Supermarket giant Coles has revealed a new strategy – including expanding own-brand product ranges while overhauling store layouts – as competition with Woolworths heats up.
Shares in the business hit record highs following its first investor day on Tuesday, after chief executive Steven Cain announced Coles’ multi-pronged plan for the next four years – including cutting $1 billion in costs.
It follows the announcement on Friday that 450 jobs would be shed from the supermarket’s Melbourne head office.
As the supermarket duopoly faces a squeeze from existing retailers like Aldi and Costco – plus the impending arrival of Kaufland – Mr Cain said Coles would be focusing firmly on becoming the country’s most sustainable supermarket, expanding its own-brand range, and establishing itself as a “destination for health”.
“We will make extensive use of data analytics and artificial intelligence to ensure we are anticipating and fulfilling customer needs as they continue to evolve,” Mr Cain said.
“We want Coles to be a truly customer-obsessed retailer.”
Coles has previously flagged its plans to shift to a convenience focus, announcing in May the supermarket would begin to stock supersized versions of some of its ‘family favourites’, including one-kilogram bottles of mayonnaise, five-kilogram bags of pasta and two-kilogram bags of breadcrumbs.
Under the new strategy, new stores will be “carefully targeted” at locations with a high potential for population growth, and existing stores will be redesigned and restocked so up to 40 per cent of floor space is tailored to suit local shoppers’ needs and habits.
Technology will also play a major role in the supermarket’s future, the business’ announcement to the ASX said, with “manual tasks” and certain “above store” roles (such as office roles) to be automated, and artificial intelligence will be used to guide store purchasing decisions.
Those changes follow on from Coles’ partnership with British-based online supermarket Ocado to automate domestic fulfilment centres, doubling the supermarket’s home delivery capacity.
The venture is expected to cost the business $1 billion by the 2022-23 financial year, but is expected to result in further job losses in addition to the cuts announced last week.
Another key change to Coles’ business model will be an increased focus on its brands. It has plans to reduce costs and increase quality of these products “through deeper, more collaborative relationships with suppliers”.
The strategy makes sense according to analysts from investment bank UBS, who said a focus on cost and convenience would be a positive for the business.

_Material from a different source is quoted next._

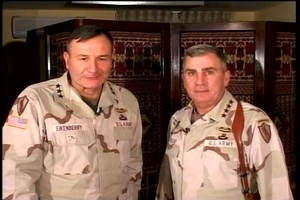 Gen. Abizaid and Lt. Gen. Eikenberry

However, UBS said questions remained around the cost of implementing the strategy and reinvesting into the store network as “competitive intensity increases” in the supermarket space.
Coles stock jumped nearly 4 per cent within the first half-hour of trading on the ASX following the unveiling of the strategy, hitting a record price of $13.57 per share by 10.35am before settling back to $13.19 per share by market close – up 3.28 per cent for the day.
Coles hit a high of $12.84 per share when it floated on the ASX on November 23, but quickly saw its price drop (reaching a low of $11.39 on March 1) and didn’t break above that initial high until mid-May 2019.